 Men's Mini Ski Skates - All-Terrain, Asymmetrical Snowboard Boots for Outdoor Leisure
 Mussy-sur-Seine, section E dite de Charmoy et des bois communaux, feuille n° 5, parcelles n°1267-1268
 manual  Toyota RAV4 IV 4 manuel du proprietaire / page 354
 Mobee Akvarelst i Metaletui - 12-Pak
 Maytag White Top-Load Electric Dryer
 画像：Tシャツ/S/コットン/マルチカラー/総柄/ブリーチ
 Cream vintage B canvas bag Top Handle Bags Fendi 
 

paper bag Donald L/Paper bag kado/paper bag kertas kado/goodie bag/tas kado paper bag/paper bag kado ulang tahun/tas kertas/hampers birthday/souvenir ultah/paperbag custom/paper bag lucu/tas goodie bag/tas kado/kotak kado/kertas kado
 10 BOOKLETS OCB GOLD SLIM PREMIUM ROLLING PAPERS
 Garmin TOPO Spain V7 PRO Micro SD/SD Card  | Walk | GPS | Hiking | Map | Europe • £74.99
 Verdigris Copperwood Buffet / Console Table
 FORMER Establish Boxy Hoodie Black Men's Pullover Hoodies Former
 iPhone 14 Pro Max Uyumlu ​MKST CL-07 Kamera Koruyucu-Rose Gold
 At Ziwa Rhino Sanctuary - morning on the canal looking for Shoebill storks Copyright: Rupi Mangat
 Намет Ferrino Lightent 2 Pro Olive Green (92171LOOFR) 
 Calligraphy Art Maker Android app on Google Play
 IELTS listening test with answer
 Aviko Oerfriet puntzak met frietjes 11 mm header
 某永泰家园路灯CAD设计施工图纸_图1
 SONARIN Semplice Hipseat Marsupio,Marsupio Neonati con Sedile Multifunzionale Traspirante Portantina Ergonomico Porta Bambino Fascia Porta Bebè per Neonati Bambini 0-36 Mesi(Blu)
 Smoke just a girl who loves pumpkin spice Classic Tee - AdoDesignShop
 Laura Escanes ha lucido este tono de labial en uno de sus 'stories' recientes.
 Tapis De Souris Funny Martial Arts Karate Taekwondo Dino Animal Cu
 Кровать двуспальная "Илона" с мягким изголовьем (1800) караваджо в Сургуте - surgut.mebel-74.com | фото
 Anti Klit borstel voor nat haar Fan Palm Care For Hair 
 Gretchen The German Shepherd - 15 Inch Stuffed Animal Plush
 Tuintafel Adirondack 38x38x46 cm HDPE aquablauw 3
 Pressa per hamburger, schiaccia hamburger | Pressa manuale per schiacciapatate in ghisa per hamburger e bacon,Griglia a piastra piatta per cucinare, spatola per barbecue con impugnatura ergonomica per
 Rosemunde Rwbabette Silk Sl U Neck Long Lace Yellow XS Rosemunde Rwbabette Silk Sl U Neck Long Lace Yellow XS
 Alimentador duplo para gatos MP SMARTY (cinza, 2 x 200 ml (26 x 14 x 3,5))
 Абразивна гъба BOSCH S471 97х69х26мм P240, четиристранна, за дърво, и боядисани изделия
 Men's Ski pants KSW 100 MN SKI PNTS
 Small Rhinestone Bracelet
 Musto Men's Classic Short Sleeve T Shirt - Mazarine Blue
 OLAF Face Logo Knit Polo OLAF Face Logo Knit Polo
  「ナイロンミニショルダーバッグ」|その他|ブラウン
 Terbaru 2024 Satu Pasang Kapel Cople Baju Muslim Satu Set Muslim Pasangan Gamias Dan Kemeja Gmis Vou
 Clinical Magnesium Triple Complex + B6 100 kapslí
....................
• [EXERCISE BRIEF]: From the entries above, print the lines beginning at the one with "FORMER Establish Boxy" and stopping after the one with "Smoke just a", exactly as written and with nothing else.

• [ANSWER BOX]:
 FORMER Establish Boxy Hoodie Black Men's Pullover Hoodies Former
 iPhone 14 Pro Max Uyumlu ​MKST CL-07 Kamera Koruyucu-Rose Gold
 At Ziwa Rhino Sanctuary - morning on the canal looking for Shoebill storks Copyright: Rupi Mangat
 Намет Ferrino Lightent 2 Pro Olive Green (92171LOOFR) 
 Calligraphy Art Maker Android app on Google Play
 IELTS listening test with answer
 Aviko Oerfriet puntzak met frietjes 11 mm header
 某永泰家园路灯CAD设计施工图纸_图1
 SONARIN Semplice Hipseat Marsupio,Marsupio Neonati con Sedile Multifunzionale Traspirante Portantina Ergonomico Porta Bambino Fascia Porta Bebè per Neonati Bambini 0-36 Mesi(Blu)
 Smoke just a girl who loves pumpkin spice Classic Tee - AdoDesignShop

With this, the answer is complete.